To support the growing number of advanced practice providers at the University of Colorado Department of Surgery, JoLynn Shinsako, PA-C, MS, has been promoted to the new role of associate vice chair of clinical affairs for advanced practice providers (APPs).

Over the past decade, the number of APPs supporting clinical care in the Department of Surgery has tripled. Though growth has been significant, APPs didn’t have specific representation at the executive level.

“When APPs as a group faced challenges with staffing models or turnover, we didn’t have an avenue to effectively describe our problems to leadership,” says Shinsako, assistant professor of transplant surgery.

Now, Shinsako will represent the 175+ nurse practitioners and physician assistants providing patient care.

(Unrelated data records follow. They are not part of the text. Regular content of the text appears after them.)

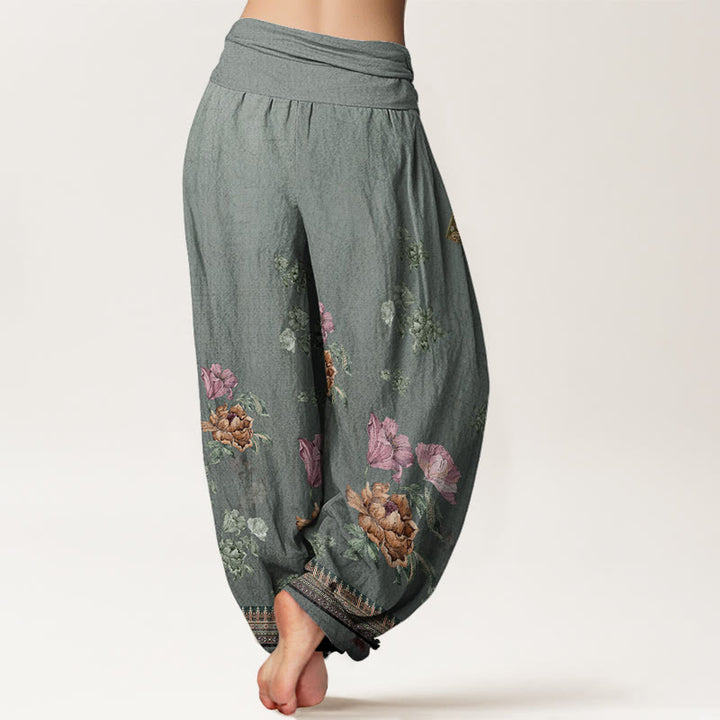 Pantalones bombachos de cintura elástica para mujer, de algodón, estilo informal, con estampado de pétalos de peonía y piedras de Buddha Stones. - image 6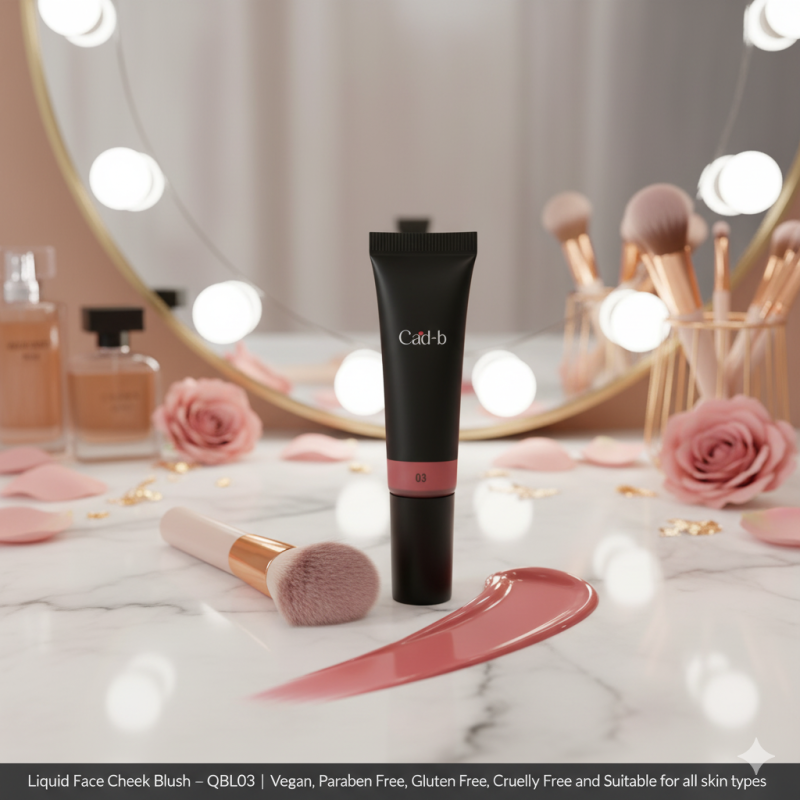 Cad B Liquid Face Cheek Blush in Pinch, vegan, gluten-free, cruelty-free, suitable for all skin types, in a liquid blush bottle.
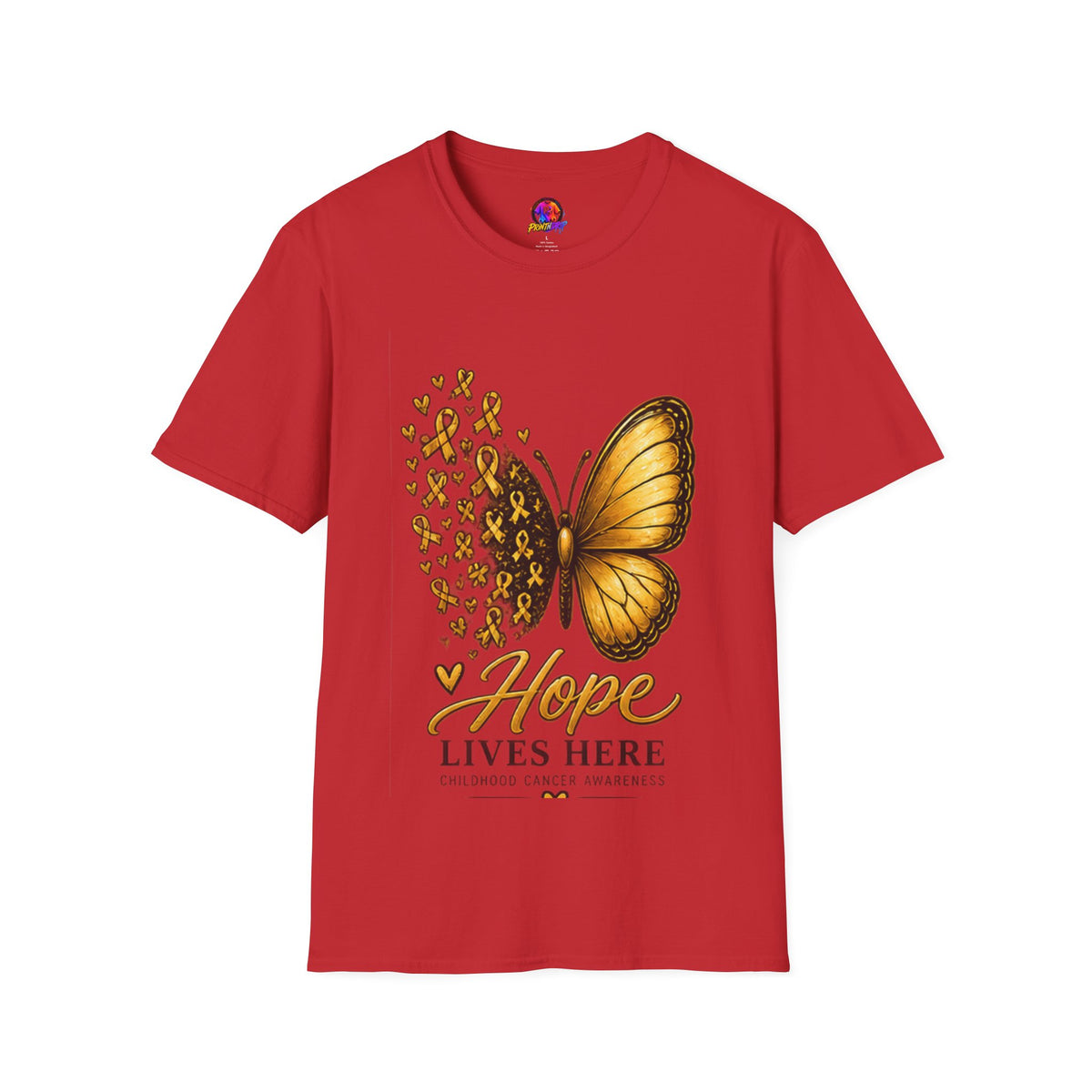 Hope Lives Here Gold Ribbon Butterfly Childhood Cancer Awareness T-Shirt
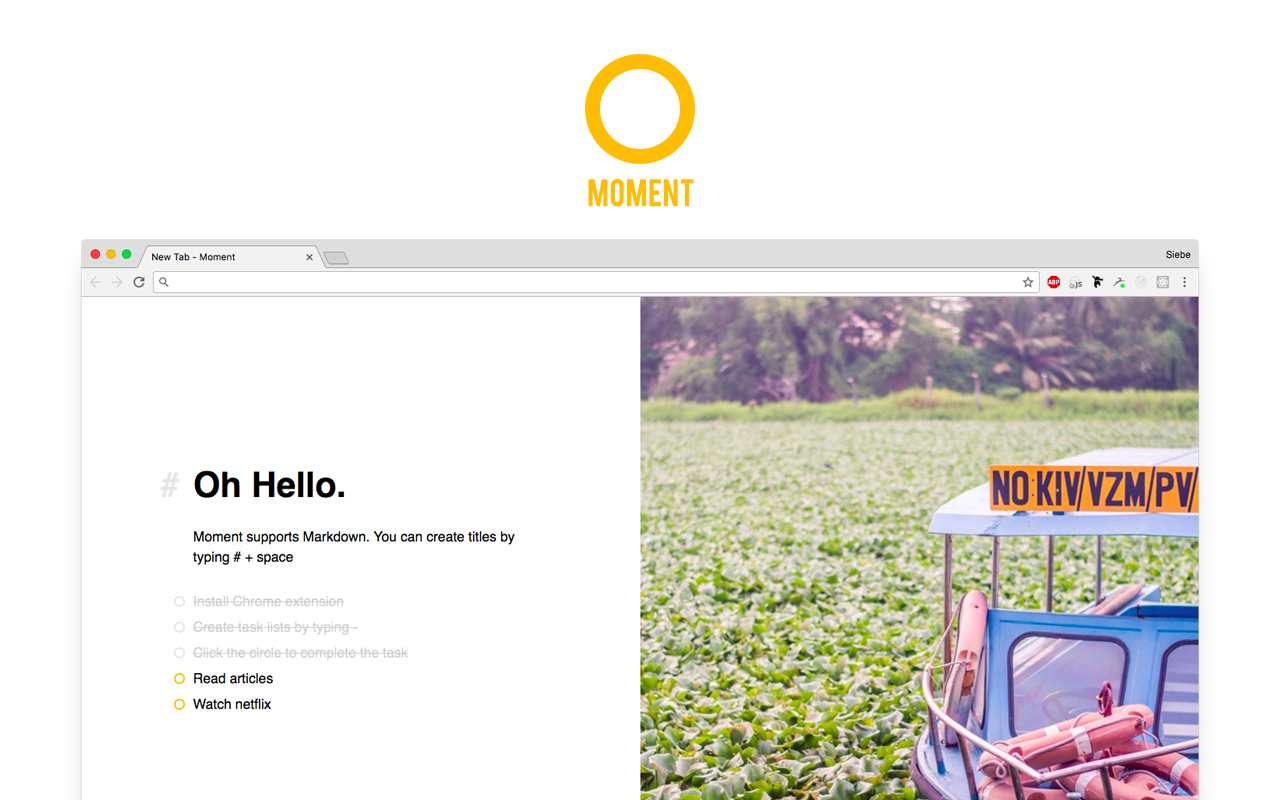 Moment - New Tab Markdown notes & task list截图3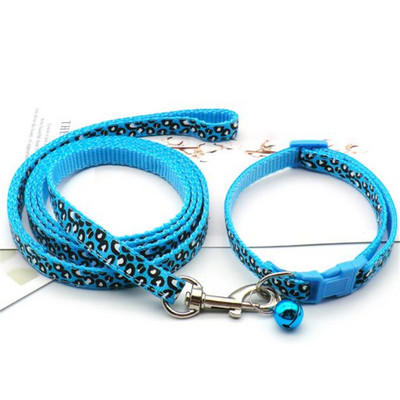 Κολάρο για σκύλους μόδας Σχοινί έλξης Μοτίβο Leopard Cute Bell Ρυθμιζόμενα περιλαίμια για σκύλους Γάτες Αξεσουάρ για κατοικίδια κουτάβι DIY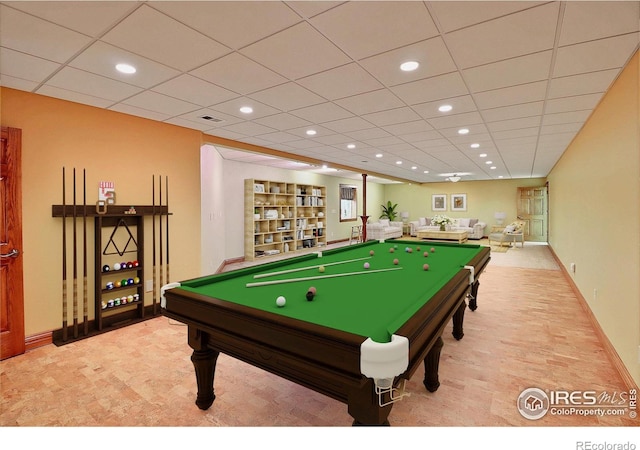 rec room featuring pool table, a paneled ceiling, and light carpet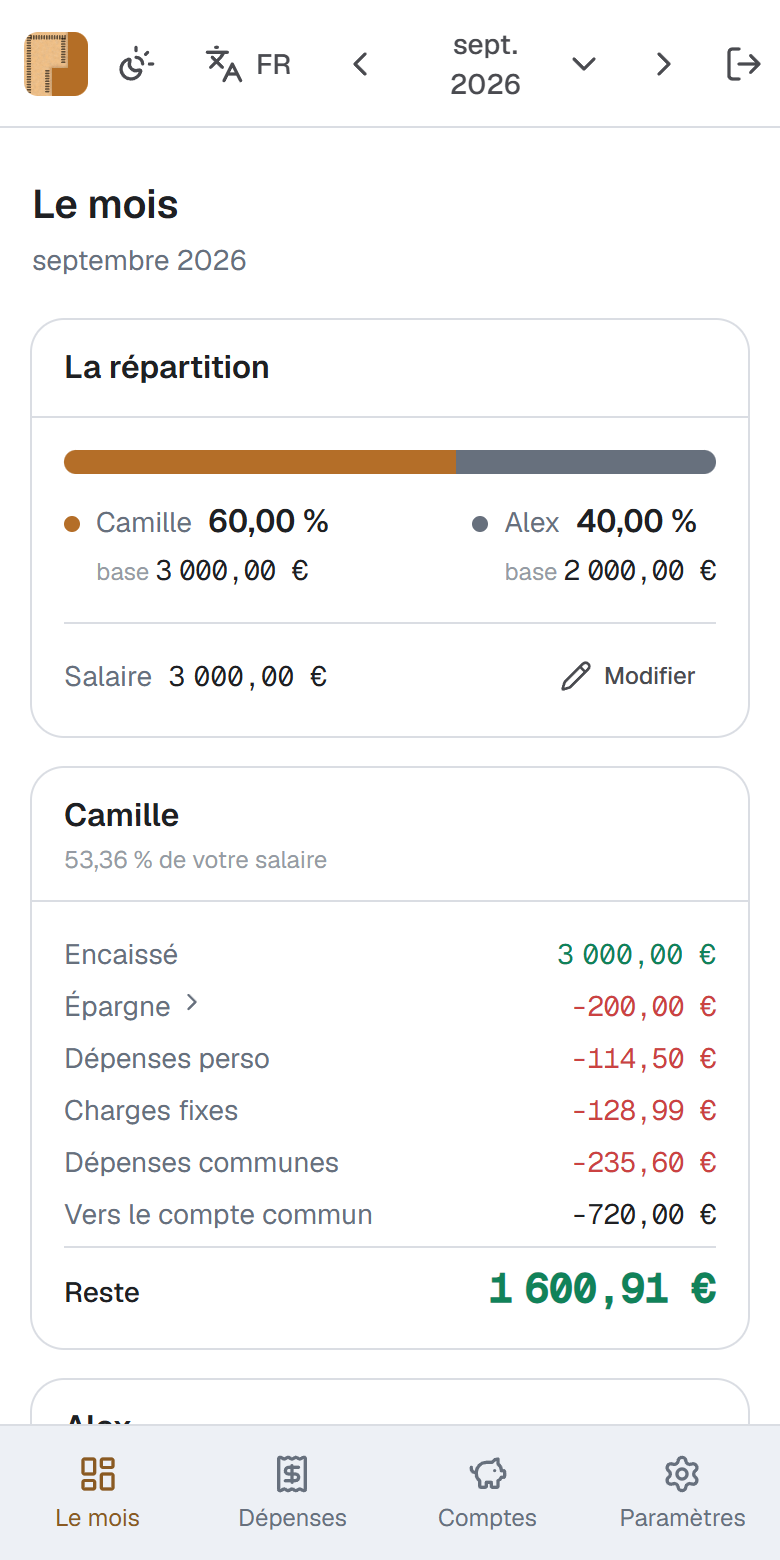 L'écran du mois dans Prorata, avec le partage 60 / 40, ce qu'il reste à chacun et qui doit combien.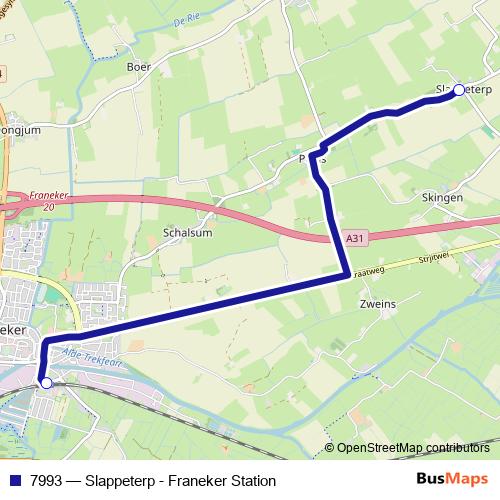 7993 bus Line Map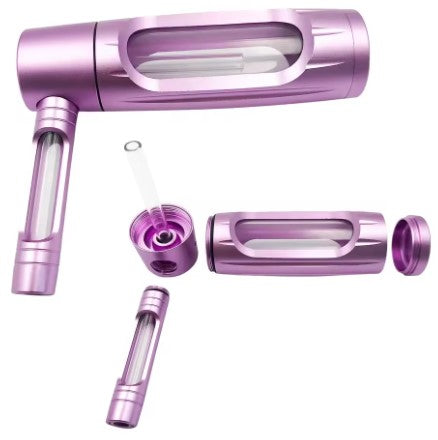 Portable Metal Smoking Pipe with 155mm Glass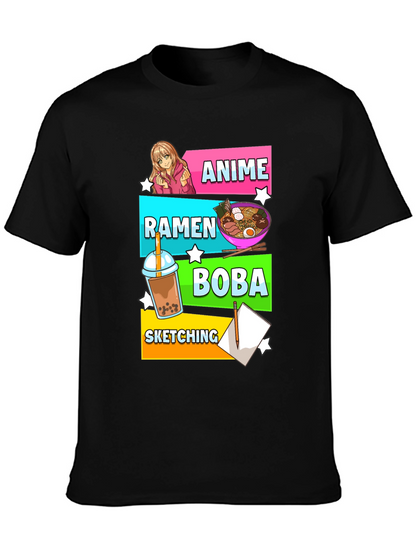 Anime Ramen Boba Sketching Graphic Tee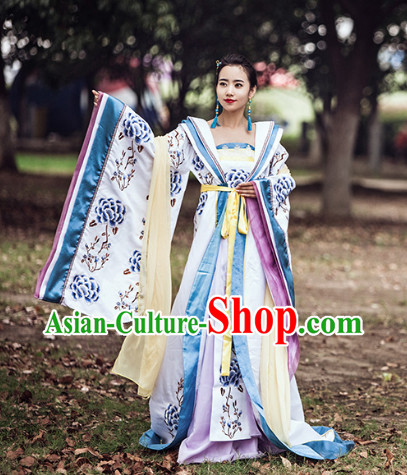 Chinese Traditional Princess Clothing and Hair Accessories Complete Set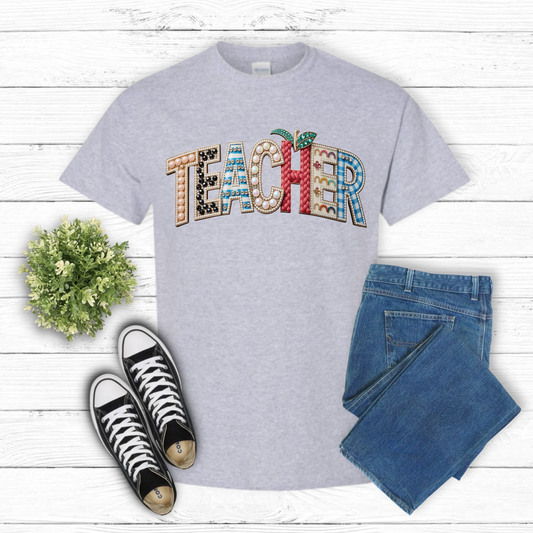 DTF- Teacher Faux Rhinestone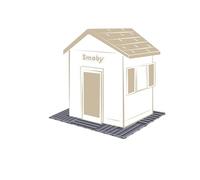 Smoby - Set de 6 dalles - Plancher de Maison - Anti-UV - 45x45cm - Effet texturé bois - Plastique 100% recyclé - Fabriqué en France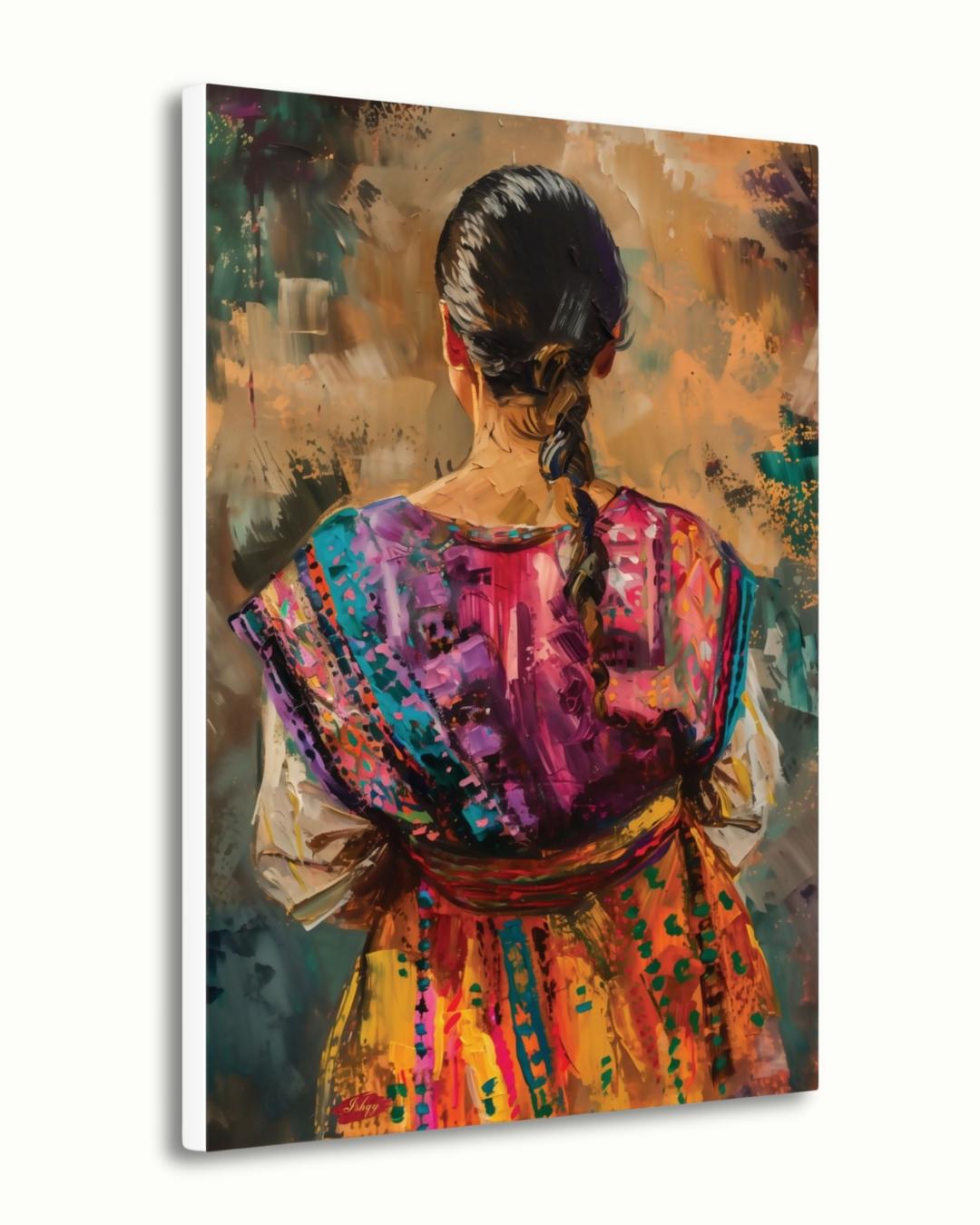 Guatemalan Woman Traditional Textile Wall Art Print, Canvas, Framed Canvas, Mayan Huipil Folk Art, Colorful Boho Bedroom Living Room Decor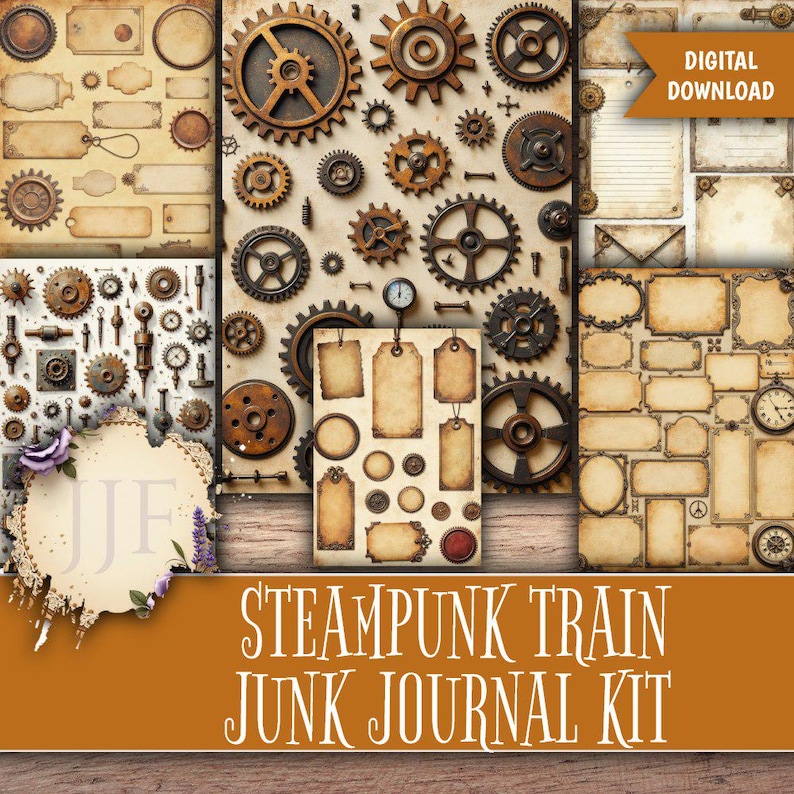 May include: A digital download featuring a steampunk-themed junk journal kit. The kit includes various paper elements with a vintage aesthetic, such as gears, tags, labels, and clock faces. The color palette consists of sepia tones, browns, and metallic accents.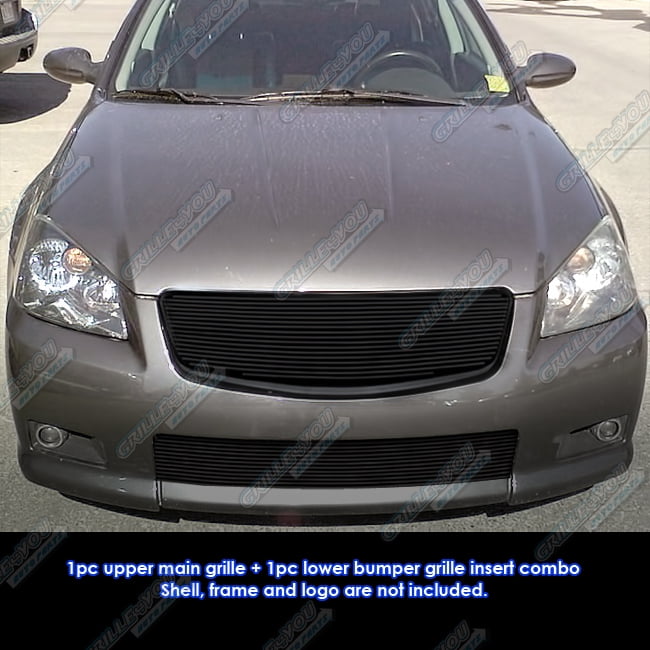 Compatible with 2005-2006 Nissan Altima Stainless Steel Black Billet Grille Insert Combo N87965J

She’ll help the department navigate issues that arise in clinical practice while working to create a cohesive culture across the organization.

The journey from PA school to CU faculty

Shinsako grew up in Colorado. She went to school in Chicago to become a physician assistant and started her career working in the emergency department of a community hospital. While she loved caring for patients, it wasn’t until she got a position at an academic hospital that she felt fully supported. So when life presented the opportunity to move back to Colorado and work for CU, she jumped at the opportunity.

Shinsako took a role in transplant surgery on the overnight shift. This was a turning point in her career for two reasons:

First, she discovered a deep love for transplant surgery.

“I had never felt so inspired to be in medicine than when I started in transplant,” she says.

Second, working the night shift gave her access to opportunities she may not have had working days.

“The willingness to work overnight has catapulted my career,” she says. “It gave me a chance to become a point person for a huge need, which grew into more opportunity. The night shift is the catalyst of how all this started.”

Serving the APP team through collaboration

Clinical care continues to be what “fills her cup,” Shinsako says. But she's excited to get to know her APP peers across the sites of the Department of Surgery.

Shinsako says she has a good understanding of the challenges faced at UCHealth University of Colorado Hospital. But she’s anxious to learn more about the experiences of APPs at the surgery department’s other locations.

“I’m looking forward to getting to know more of the APPs across the division,” she says. “I’m looking at how we might bring in the satellite hospitals to feel like one cohesive department.”

It’s also what she finds most challenging about her new role. She’s studying lessons learned in remote workforces to help build a culture of cohesiveness across sites.

She’s also facing the challenge of this position being a new role at the hospital. Though she has goals and a vision, she’s still learning about possible benchmarks for success.

 “I want to make sure that the measures of success I have personally align with the vision others have for this role.”

What APPs can expect from her leadership

Shinsako’s overarching goal is for her fellow APPs to feel like they have a strong voice within the executive committee of the Department of Surgery.

 “My ultimate goal is to successfully create that avenue, with both parties feeling appropriately supported.”

 She acknowledges this could take some time, given the large number of APPs and their continued growth within the organization.

 “I want all APPs to know that I’m very accessible, and I’m here to support them and work through the problems we face together.”